▶ [ACTIVITY] Write out again the lines from the line with "Baby Toy Fun" up to and including the line with "Caja Para Regalos", exactly as they stand below, and skip any picture.

==== RECORDS SHOWN

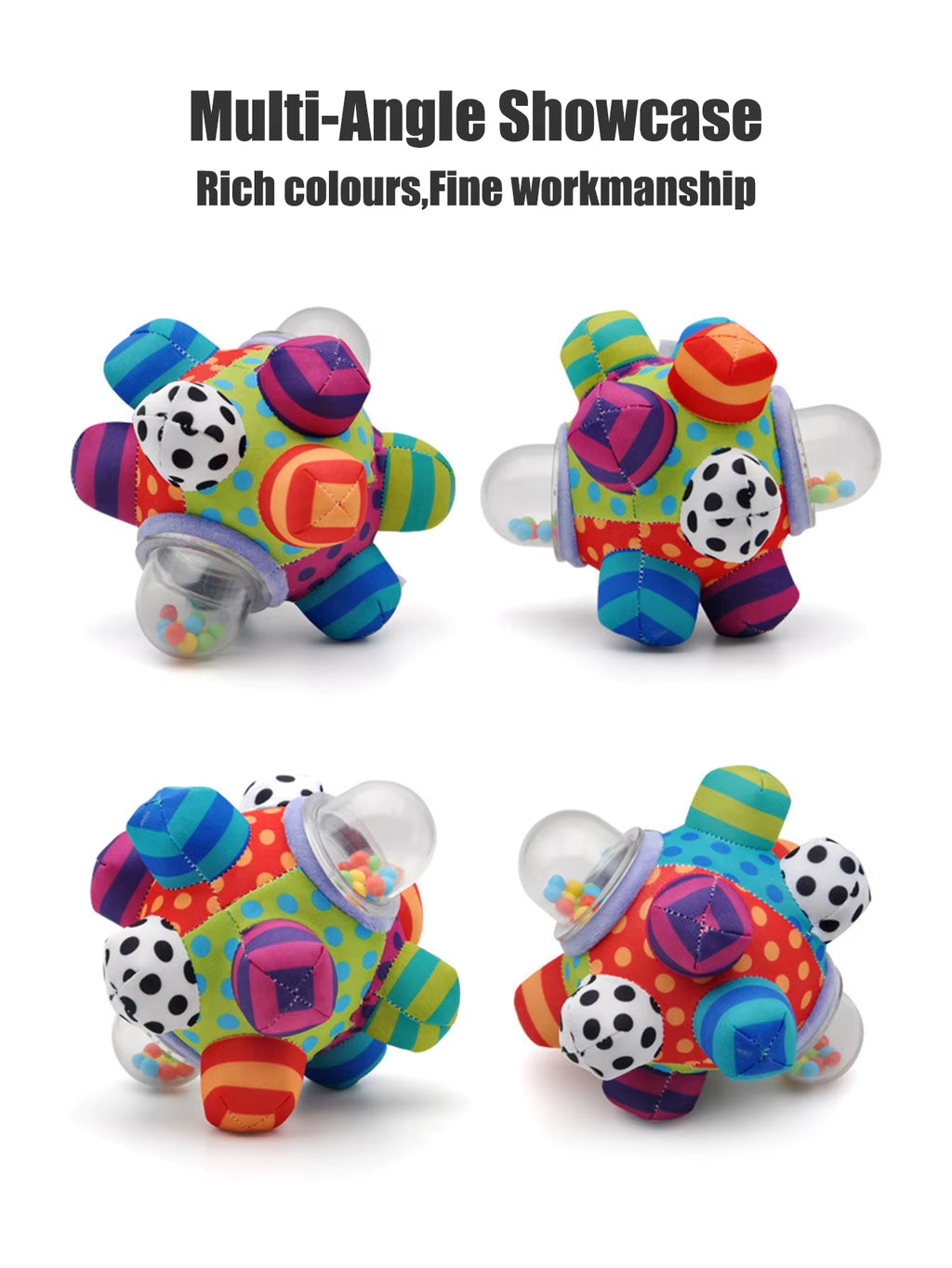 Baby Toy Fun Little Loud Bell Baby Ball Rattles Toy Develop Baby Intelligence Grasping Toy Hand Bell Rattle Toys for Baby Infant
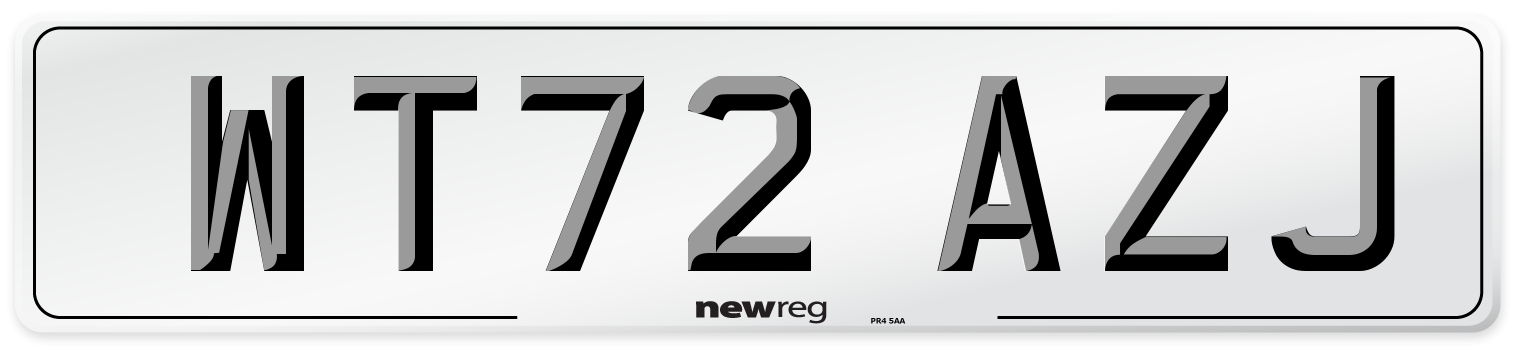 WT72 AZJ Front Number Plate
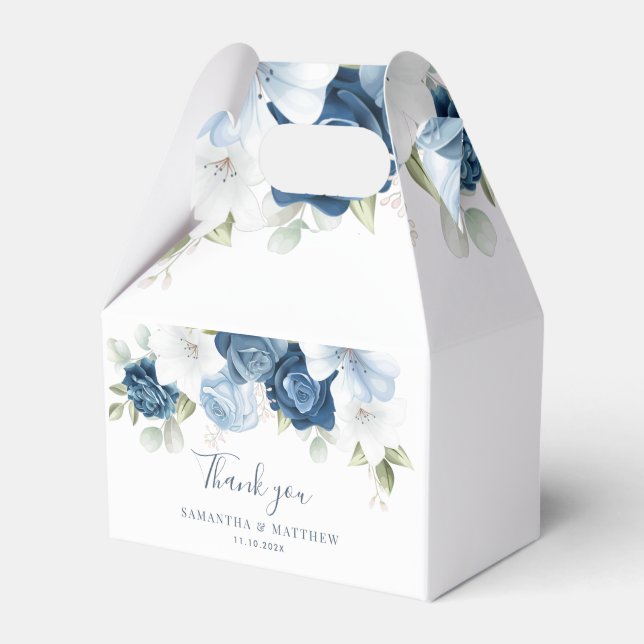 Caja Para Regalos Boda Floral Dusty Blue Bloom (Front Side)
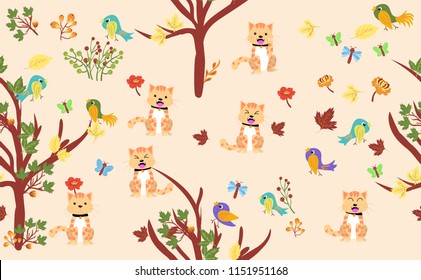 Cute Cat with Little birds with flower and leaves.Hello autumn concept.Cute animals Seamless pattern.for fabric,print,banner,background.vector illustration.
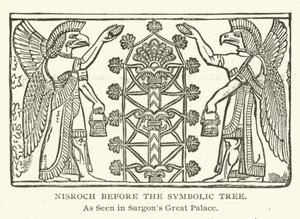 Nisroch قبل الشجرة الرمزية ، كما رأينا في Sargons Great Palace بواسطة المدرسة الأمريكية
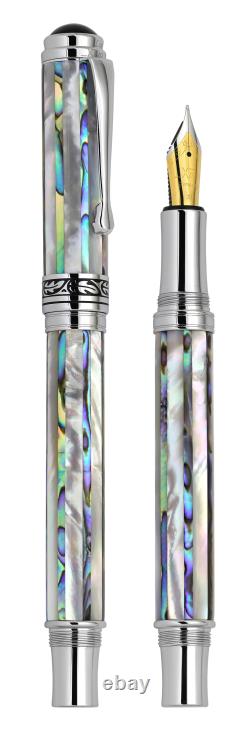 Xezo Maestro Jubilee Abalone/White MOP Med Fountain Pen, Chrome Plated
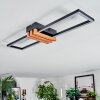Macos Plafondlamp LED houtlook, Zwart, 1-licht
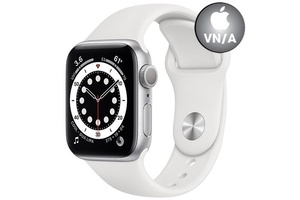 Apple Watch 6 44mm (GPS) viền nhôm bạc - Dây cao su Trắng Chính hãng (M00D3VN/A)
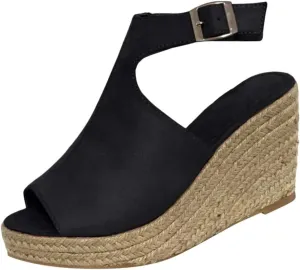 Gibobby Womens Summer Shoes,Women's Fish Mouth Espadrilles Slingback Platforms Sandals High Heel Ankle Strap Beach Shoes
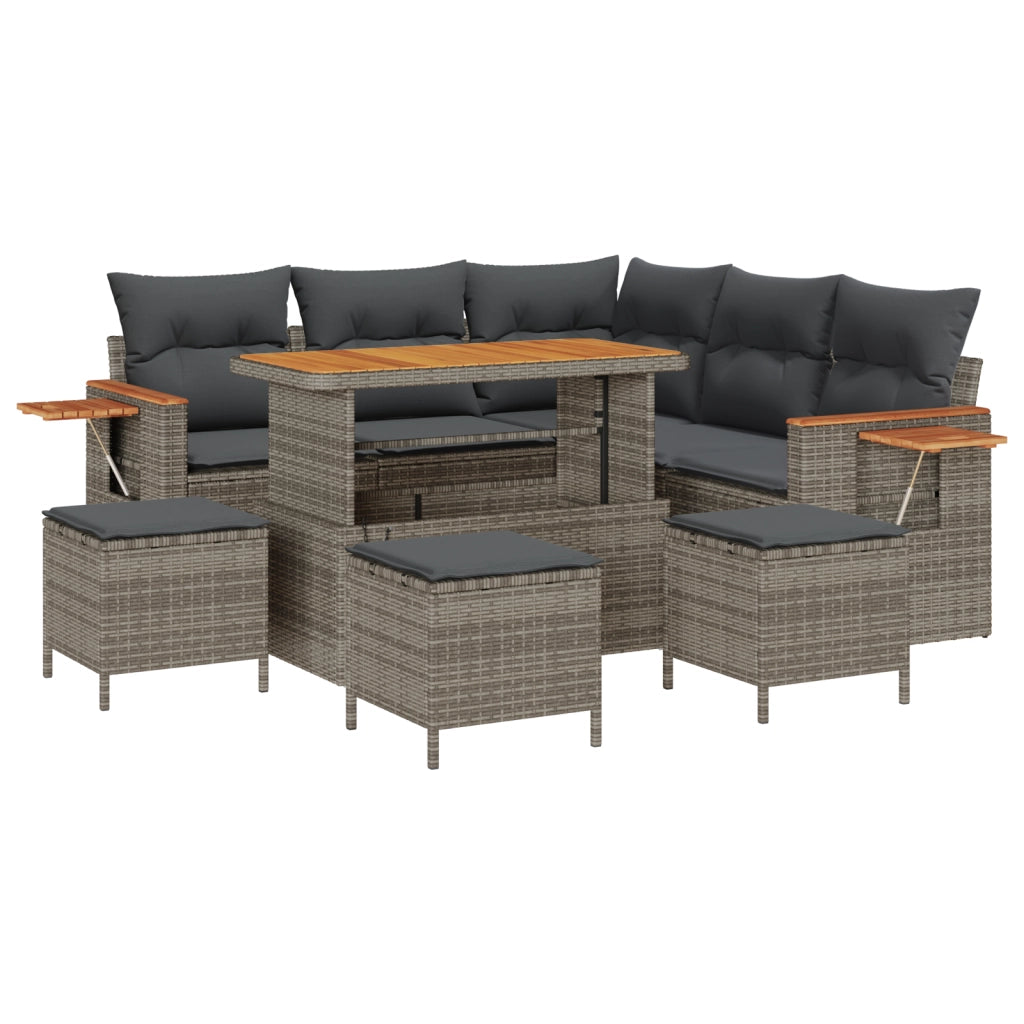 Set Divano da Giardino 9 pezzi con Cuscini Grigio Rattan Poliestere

========
==== RECORDS SHOWN

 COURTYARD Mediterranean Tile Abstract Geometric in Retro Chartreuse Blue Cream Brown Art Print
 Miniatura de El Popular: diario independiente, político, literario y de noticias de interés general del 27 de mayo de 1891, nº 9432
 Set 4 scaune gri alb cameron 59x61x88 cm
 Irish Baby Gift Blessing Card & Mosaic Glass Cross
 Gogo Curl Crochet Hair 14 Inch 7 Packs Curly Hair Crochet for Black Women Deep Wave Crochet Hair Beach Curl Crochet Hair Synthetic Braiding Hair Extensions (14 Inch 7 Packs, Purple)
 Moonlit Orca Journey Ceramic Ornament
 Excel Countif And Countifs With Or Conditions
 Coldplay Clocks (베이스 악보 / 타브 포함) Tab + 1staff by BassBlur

========
==== RECORDS SHOWN

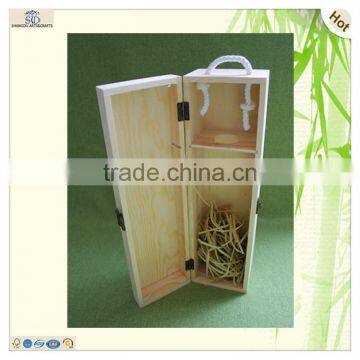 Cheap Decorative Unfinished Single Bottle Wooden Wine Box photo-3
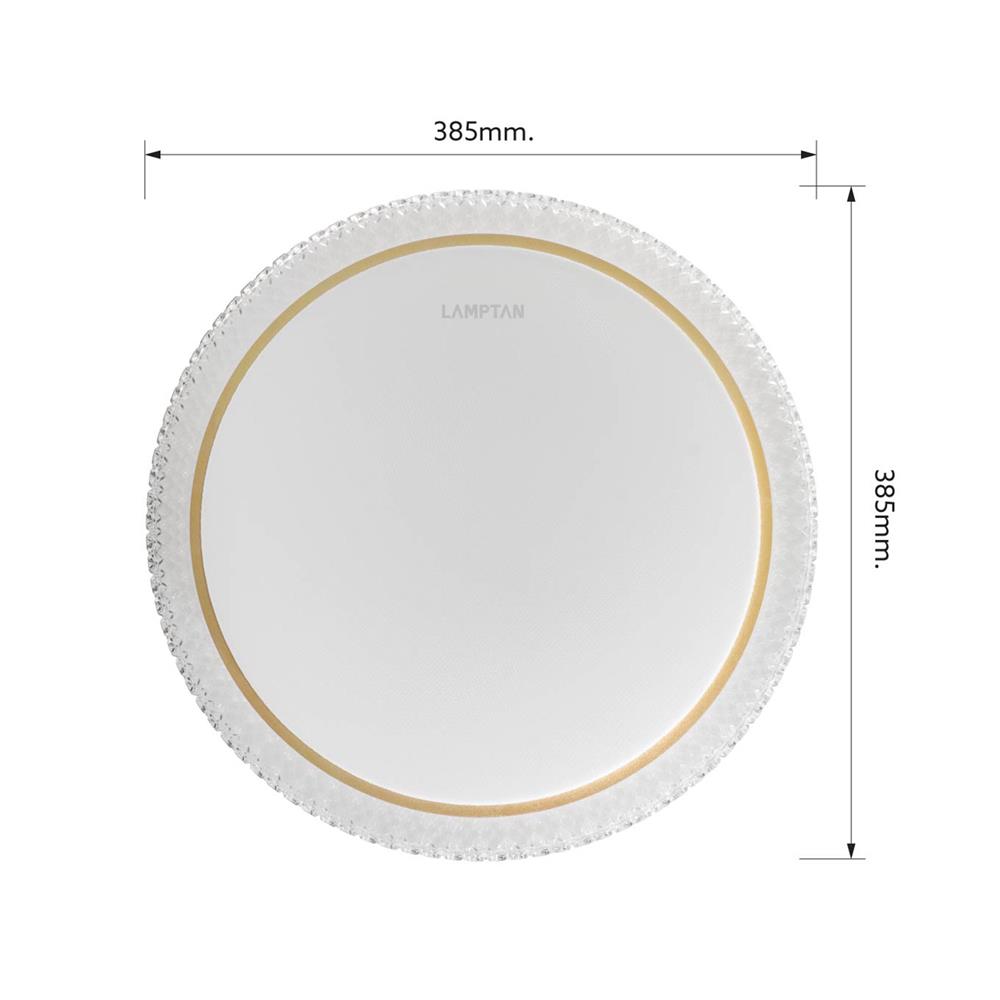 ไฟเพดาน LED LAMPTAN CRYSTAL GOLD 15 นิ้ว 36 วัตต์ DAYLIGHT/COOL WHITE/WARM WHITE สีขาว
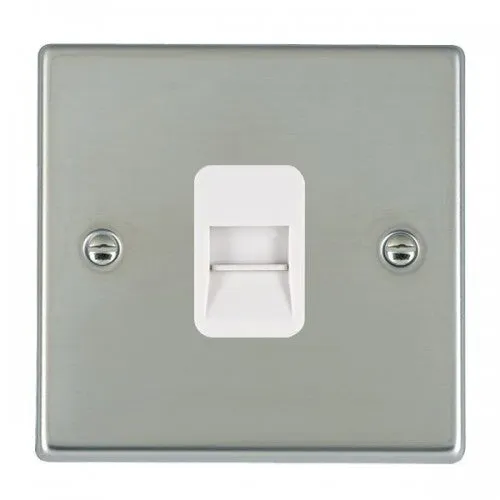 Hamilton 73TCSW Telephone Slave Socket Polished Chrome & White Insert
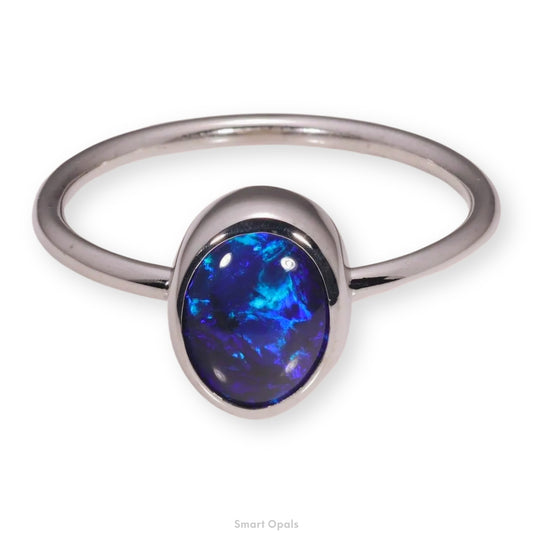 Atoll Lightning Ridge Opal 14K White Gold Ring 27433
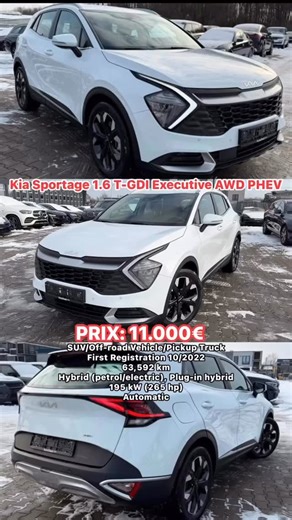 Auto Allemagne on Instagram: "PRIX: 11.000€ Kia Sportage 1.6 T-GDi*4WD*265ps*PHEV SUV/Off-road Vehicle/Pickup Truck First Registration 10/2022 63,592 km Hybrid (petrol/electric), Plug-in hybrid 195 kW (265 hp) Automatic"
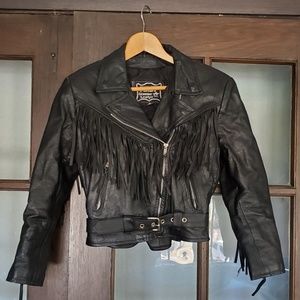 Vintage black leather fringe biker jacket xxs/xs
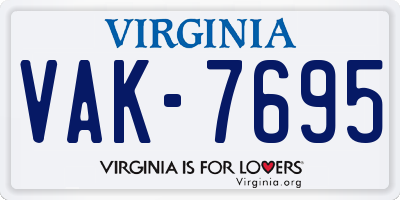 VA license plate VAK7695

========

▶ [EXPECTED ANSWER]
 Baby Toy Fun Little Loud Bell Baby Ball Rattles Toy Develop Baby Intelligence Grasping Toy Hand Bell Rattle Toys for Baby Infant
 WT72 AZJ Front Number Plate
 Caja Para Regalos Boda Floral Dusty Blue Bloom (Front Side)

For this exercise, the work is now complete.